This is that obligatory “sorry I haven’t posted in a while” post that everyone loves on the blogs they read.  My apologies.  I’ve been working on the book and a few other projects at the same time.  If anyone actually still reads this (I know a college friend does now, hello G!), sorry for the lack of posts.  I promise to put up… someone’s pics this week. Maybe Kim?  Maybe Matt.  Stay tuned! 

Having waited so long to write the text to accompany my heylookit photos, I realize now that my recollections of that uneventful January day have become slightly hazy. As should be at least somewhat visible in the photographs, I’ve slept since then.

The project provided me with an interesting challenge for many reasons. For starters, though I sell them every day at work, I posses no fancy digital camera. I was relegated to my vast collection of film cameras, both old and new, and my wife’s worse-for-wear Olympus digital, which she received as a Christmas gift some four years ago. But I digress.

The following photographs represent a day in the life of Michael J. Champlin, and I’d like to think that the idiosyncrasies of the photos reflect something about my personality.
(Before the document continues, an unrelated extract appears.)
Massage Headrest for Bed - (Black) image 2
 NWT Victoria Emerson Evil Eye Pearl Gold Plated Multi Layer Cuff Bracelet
Or at the very least, that I am quirky, inventive, and mysterious—or perhaps just slightly old-fashioned.

Oh, lookit… my pictures are finally up!  When I picked a date out of thin air, I figured I would have a typical day.

I did not.

In fact, this was probably one of my most boring days the entire time I have lived in Boston.  I worked a lot, then I went home.  I assure there’s much more to my life than that.

I remember in the morning having fun taking the pics, in the afternoon being so freakin annoyed that I still had to, then in the evening having a lot of fun doing it.  The night closed with my girlfriend and I sitting on the couch watching TV and drinking wine.

Also, you can see my neighbor taking a shower in one of the final pictures.  Look closely in the background :)

It turns out that the Gallery plugin I’ve been using for Wordpress isn’t resizing the images on the server like I thought it would, so when you pull up certain pictures (or entire galleries like Chris’s), it takes FOREVER to load.

I’m resizing the huge images right now. It takes about 25 minutes to download the images back to my machine, then I’ll run them through a Photoshop resizing action, then it takes about half an hour to reupload them.  For every gallery.

Not a big deal, but something I’ll have to work out for our next round… which I think will be in late April or early May.

Pretty normal Wednesday for me. Go to the office and get ready for the trip across London to another University for microeconomics class. Little game theory lectures notes to spice up my life then lunch and solutions to microeconomics problem sets. Back to the office and get to work on a paper I am submitting to a conference. This is the hard part of the day because all I want to do is go home and sleep but there is still too much to be done. Fun graphs, hot chocolate, cookies and chatting with friends (accidentally typing the wrong internet address…) then back home in time to sleep for 6 hours and start it all over again. Sometimes I wonder why I’m a perpetual student but then I realize I can sleep in until noon on Mondays and Fridays without missing a single thing. I love my life.